Damiel Echols…before his release from prison

“WEST OF MEMPHIS” My rating: B  (Opens March 8 )

147 minutes | MPAA rating: R

The infamous case of the West Memphis Three – teens convicted of the Satanic 1993 murders of three boys – has already been the subject of three first-rate documentaries by Joe Berlinger and Bruce Sinofsky: “Paradise Lost: The child Murders at Robin hood Hills” (1996), “Paradise Lost 2: Revelations” (2000) and “Paradise Lost 3: Purgatory” (2011).
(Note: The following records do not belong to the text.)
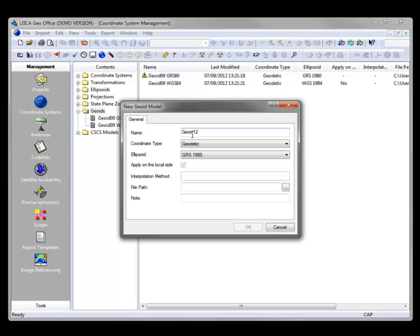And I'm also going to designate this as GRS 80 because we're working with state plane coordinates, so we want the proper definition. The coordinate type is Geodetic and the ellipsoid, of course,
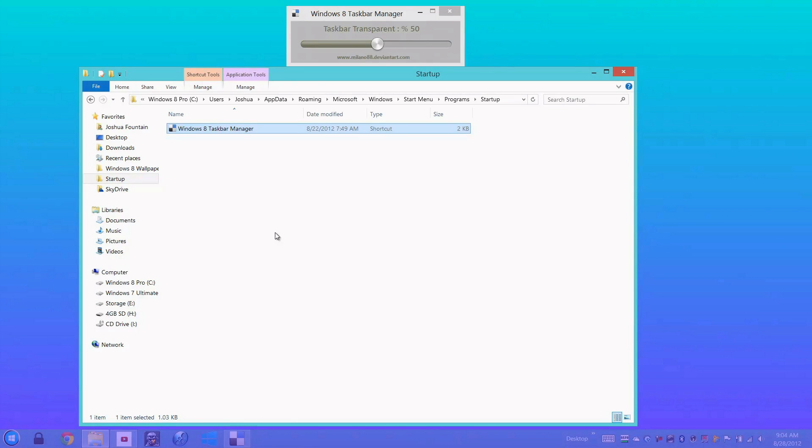So this is a tutorial on the Windows 8 Taskbar Manager. If you guys like it, go ahead and use it. Enjoy, bye!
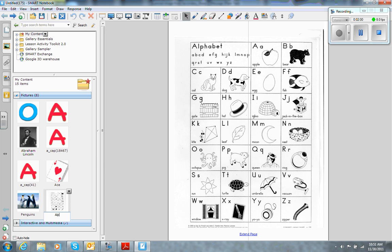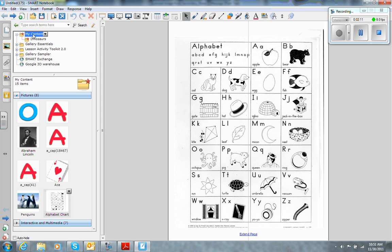Now, if I want to rename it Alphabet Chart, I can do that. Now, even if I open up a new Smart Notebook file, if I go to my Content folder, I'll be able to access that Alphabet Chart and put it in there.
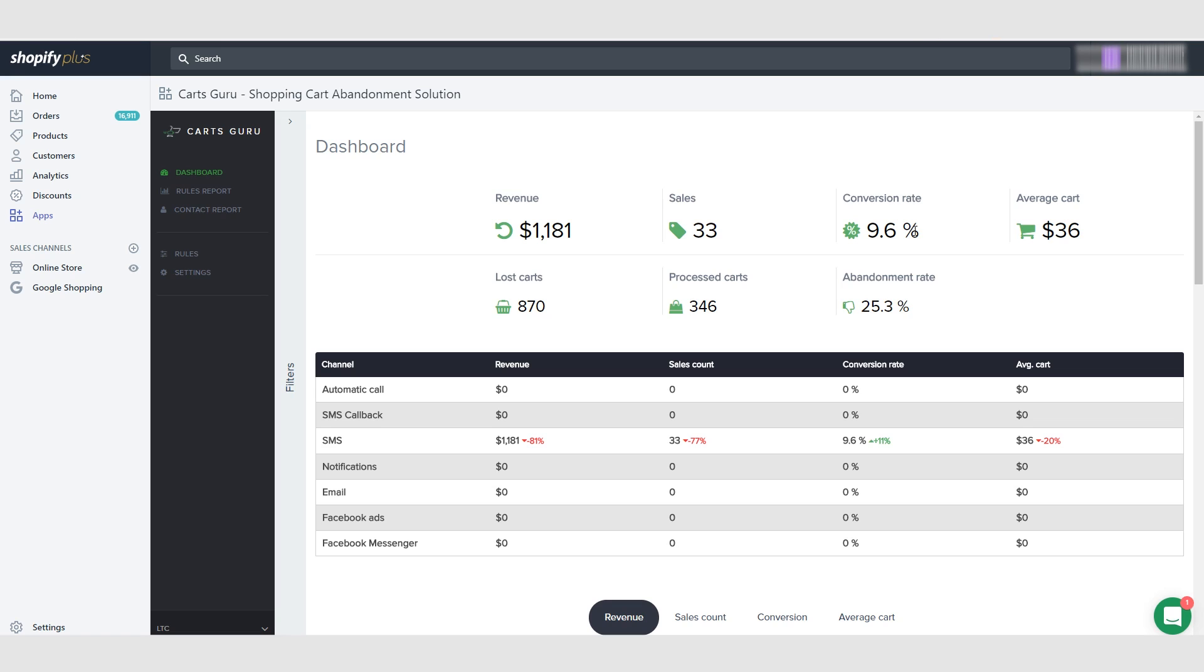The cool thing is that the link in the text message takes you directly to the cart. So all you have to do is click the link, it'll take you to the cart, you click on checkout, and then they have to input the code that you gave them.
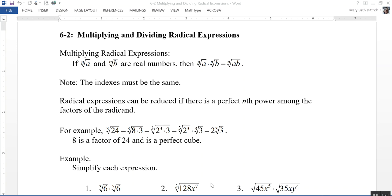Section 6-2 is on multiplying and dividing radical expressions. To multiply radical expressions, here's the rule: if the nth root of a and the nth root of b are real numbers, then the nth root of a times the nth root of b is equal to the nth root of a times b. Notice that the indexes must be the same. The index is the little number right in here — in this case, n.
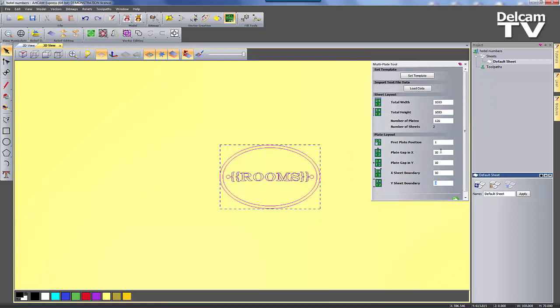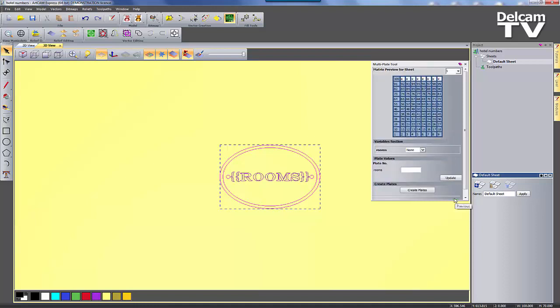By specifying a few simple design parameters, the MultiPlate can be created very quickly and efficiently.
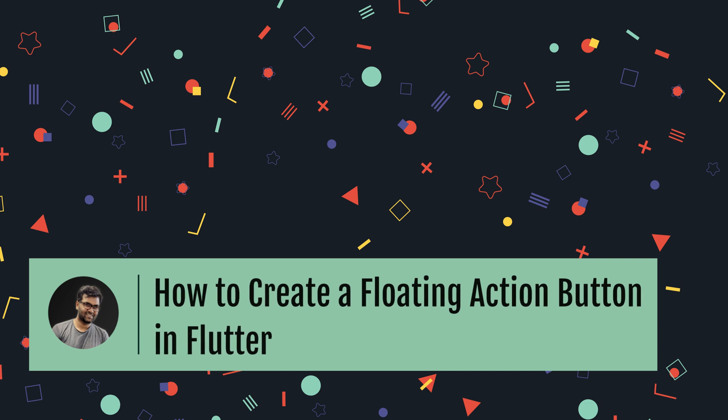Hi, this is Nilan. Today in this video we'll talk about how to create a floating action button in Flutter.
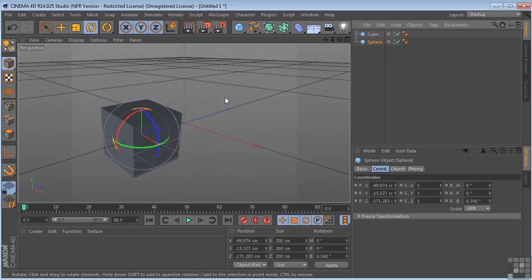That's a neat little trick that you'll use over and over. Okay, so that's hierarchy and parenting in Cinema 4D.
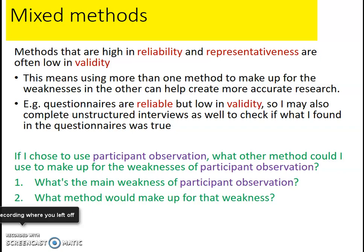Finally, mixed methods: methods high in reliability and representativeness are often low in validity, so using more than one method can make up for the weakness in the other. If you do a quantitative method like questionnaires — which are reliable and representative but lack validity and in-depth insight — you might supplement with unstructured interviews. As an activity: if you choose to use participant observation, what other method might you use to make up for its weaknesses? What are the main weaknesses of participant observation and what method would address them?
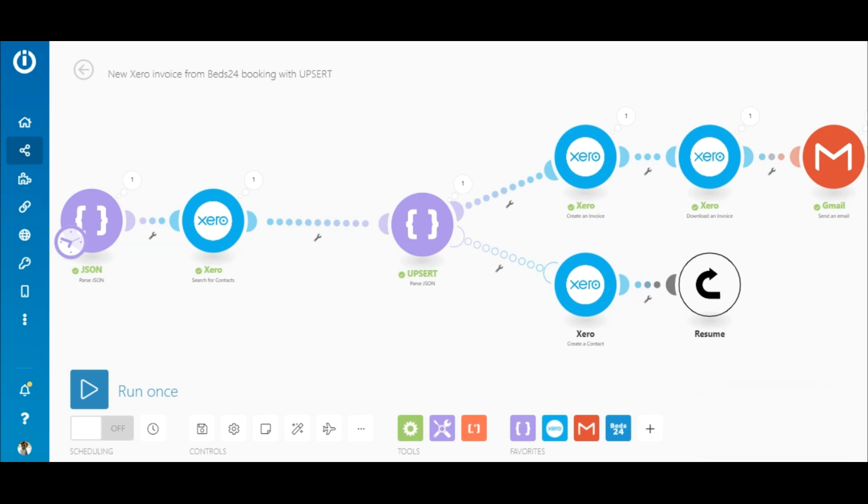So this workaround will assist you when creating your advanced scenarios by removing the need to repeat modules and also save some operations. And that's it for this tutorial. Thanks for watching and happy automating.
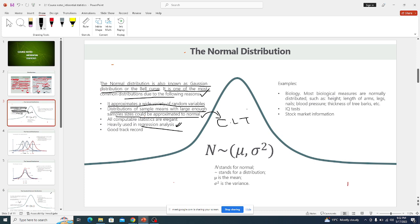The central limit theorem states that as we increase the sample size, the mean of the sample tends to approach the mean of the population. You can go and check more on that.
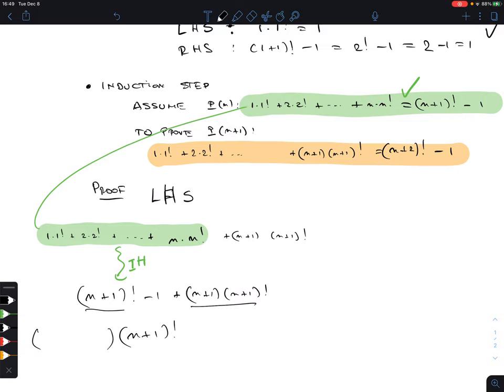For p(1): the left-hand side is 1·2·3 = 6. The right-hand side: replace n by 1, so it's 1·2·3·4 / 4. The 4 cancels, and we get 6 as well. They are equal, so the basic step holds.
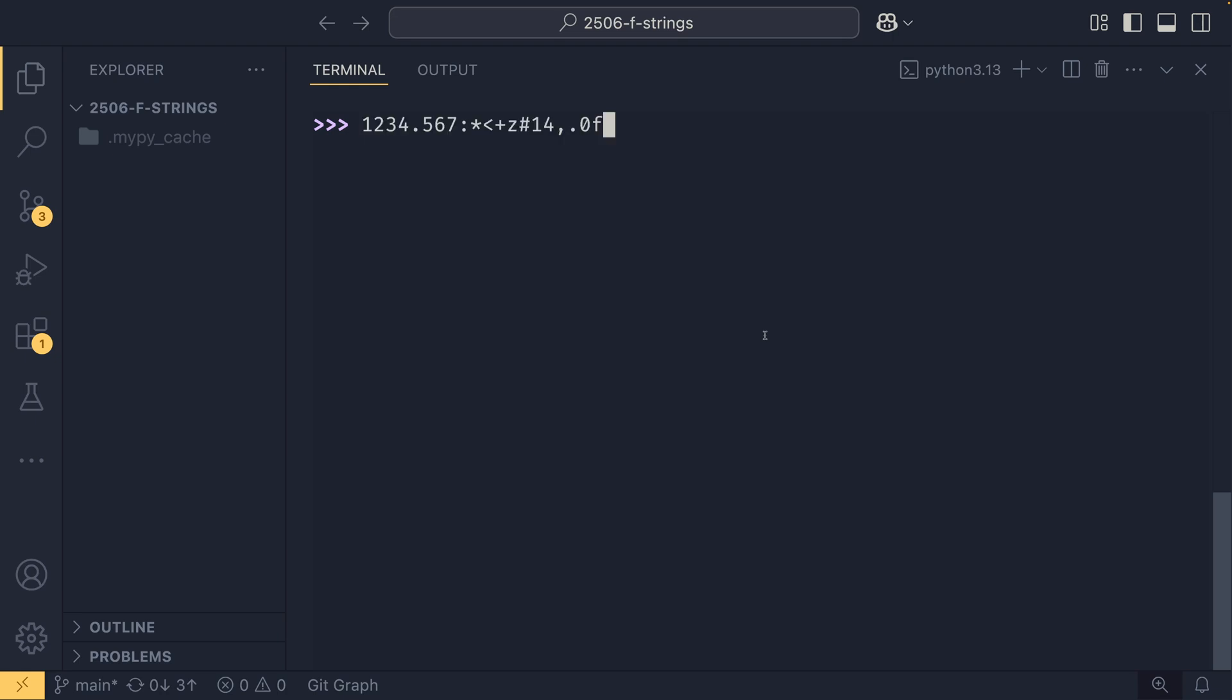Once you're confident with format specifiers you can do some pretty crazy things with them, like this. So this is an actual valid format specifier, and this sets an asterisk as the fill character, left aligns the text, makes sure the sign is always visible, coerces negative numbers into positive ones (which isn't going to affect us here), returns the number in alternative form (which is going to affect us here and we'll show that off), sets the width to 14, enables thousand separators with commas, sets the precision to zero so a full number, and displays it as a float number.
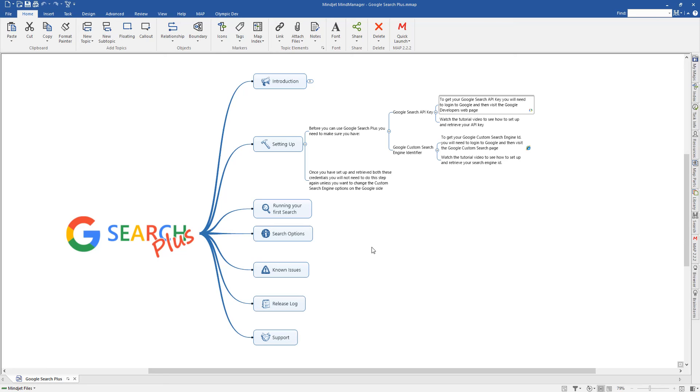Hi, this is Nigel Galt, Managing Director of Olympic Limited, and welcome to this short video to show how you set up a Google Search API key and a Google Search Engine identifier. You will need both of these credentials to use our new add-in, which is called Google Search Plus for Mind Manager.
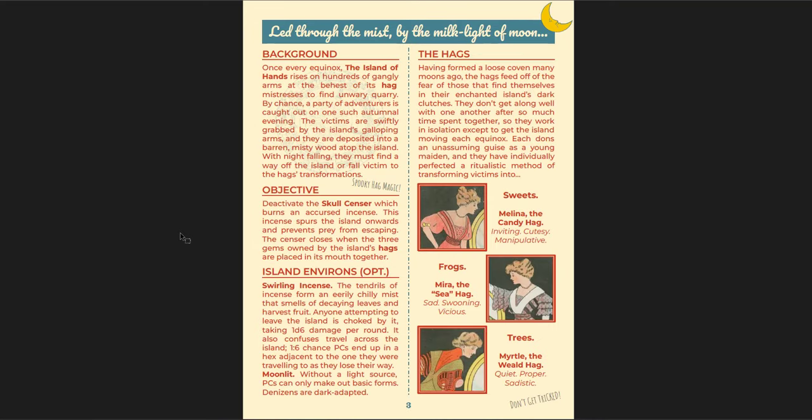So here's the background. Here's the objective and what you're trying to do. And the general environment of the island. And the hags. And each hag is a different kind of hag. And they all have different things they want to do. So Melina is the candy hag. And she wants to turn her victims into candy. She lives in Goblin Town, which is spelled like gobbling instead of goblins. And then there is Mira, the sea hag. And she wants to turn her victims into frogs. And she lives on the lake. And then there's Myrtle, the wheeled hag. And she lives in the manor. And she wants to turn her victims into trees. She paints them. It's great.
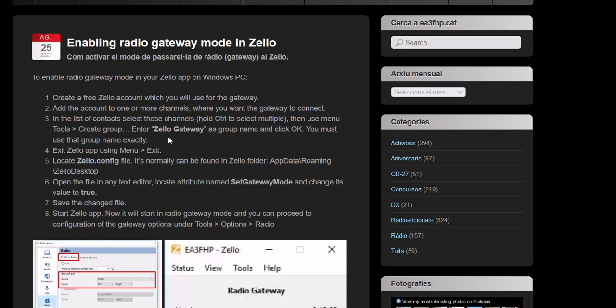You still got to do the settings like I just showed you, with the VOX or with the COM port or whatever you're going to do. But you'll have the Zello config right for the gateway with the channels you want to add. So I hope this video is helpful. If you have any questions or comments, please post them down below, and please subscribe. Thank you and have a good day.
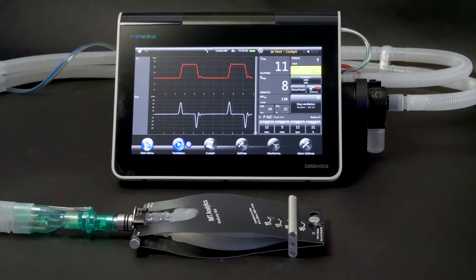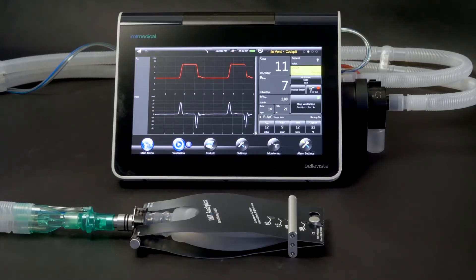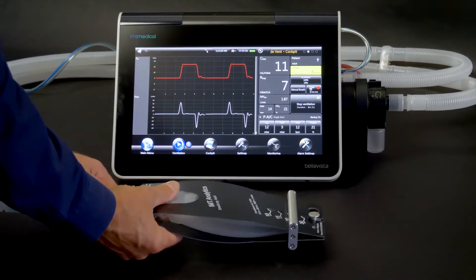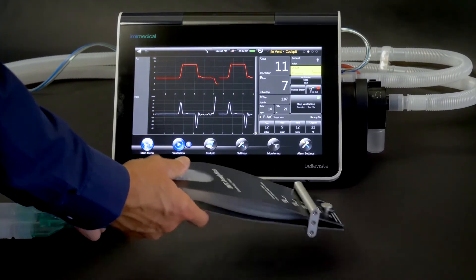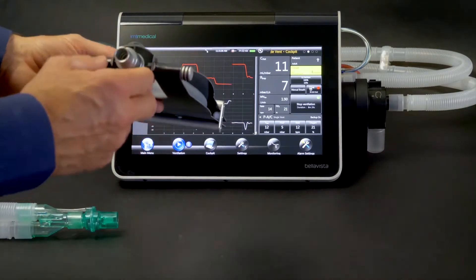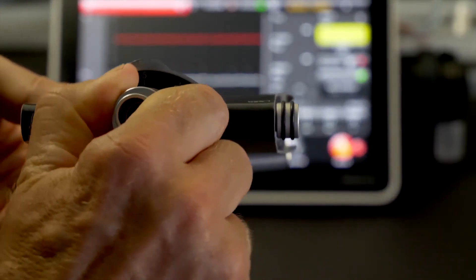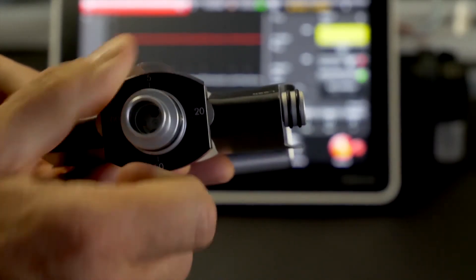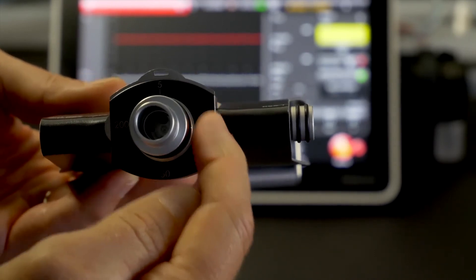The easy adjustments of compliance and resistance make the Test Lungs a compact and user-friendly tool for your daily needs. Different airway resistances can be simulated by simply turning the connector. Resistance can be varied between RP5 and RP200.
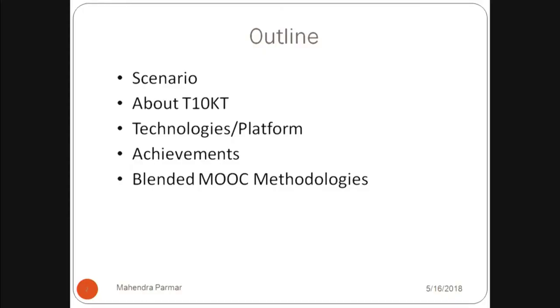Good morning everyone. My name is Mahendra Parmar and today I am going to talk about this overview of T10KT and ESOS project. T10KT stands for Train 10,000 Teachers Training Program and ESOS is Educational Services on Outreach at Scale. My today's presentation covers the scenario in teaching profession, how we started this T10KT program, the technologies and platform we used, and the achievements and blended MOOC methodologies.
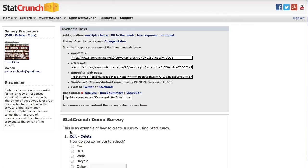The number of survey responses is displayed in red, so currently we have zero responses.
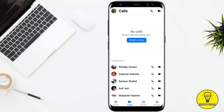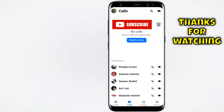As you can see, there are no calls showing here because I haven't made any calls. But if you have made a call or somebody has called you on Facebook, it will show here.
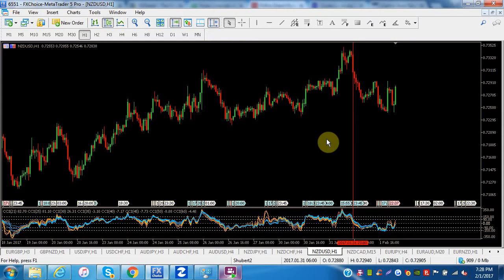Alright, good evening everybody. It's about 7:30 PM New York time, Wednesday February 1st. Hope everybody had a great day. Just wanted to make another video here — I've gotten some questions and interactions with people around fundamental and technical analysis.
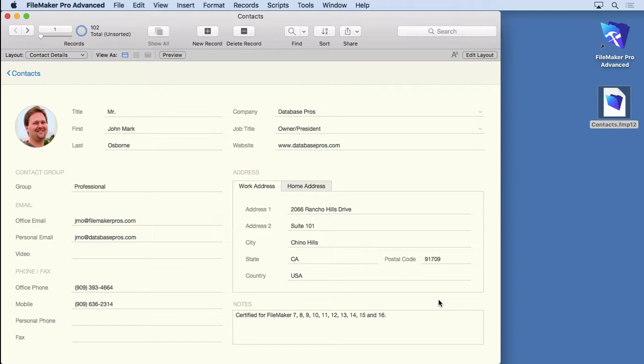It makes it very easy to work with. You can do reports, you can print out things, you can export. You can do all kinds of things by whittling down your found set to just what you want to look at. So let's try it out.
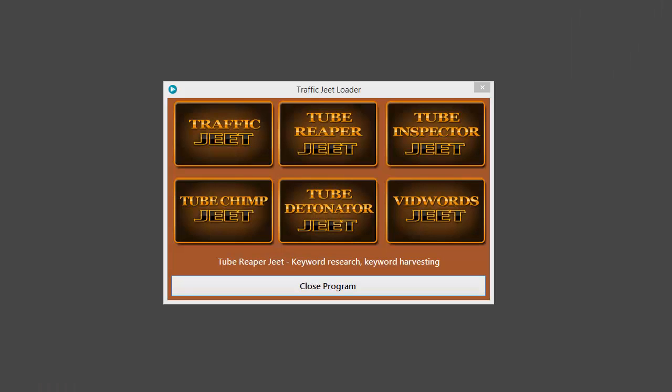This was the quick whirlwind tour of all the apps in the Traffic Jeet suite. Remember, you can see the detailed demo of each application further down the page. I hope you realize now how powerful this product is and just having this one suite is enough for all your keyword research needs for the video market.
Amy Berg’s “West of Memphis” though, benefits from being the first film on the subject since the three accused murderers – Damien Echols, Jason Baldwin and Jessie Misskelley, Jr. – were released last year after their lawyers successfully argued that new evidence (much of it disseminated through the Berlinger and Sinofsky docs) warranted an appeal in front of the Arkansas Supreme Court.

“West of Memphis” (produced by Hobbit-lord Peter Jackson) tries to be encyclopedic…and with a running time of 2 ½ hours it not only recycles  well-known details of the case (sloppy investigative work, the prejudicial witch-hunt atmosphere during the trial) but takes side-trips into new revelations and accusations.

There’s some really fascinating stuff here, like an experiment using dead pigs to show that the marks on the bodies of the murder victims were not signs of ritual torture (as maintained by the prosecution) but rather were the results of turtle bites inflicted while the dead boys floated in a water-filled ditch.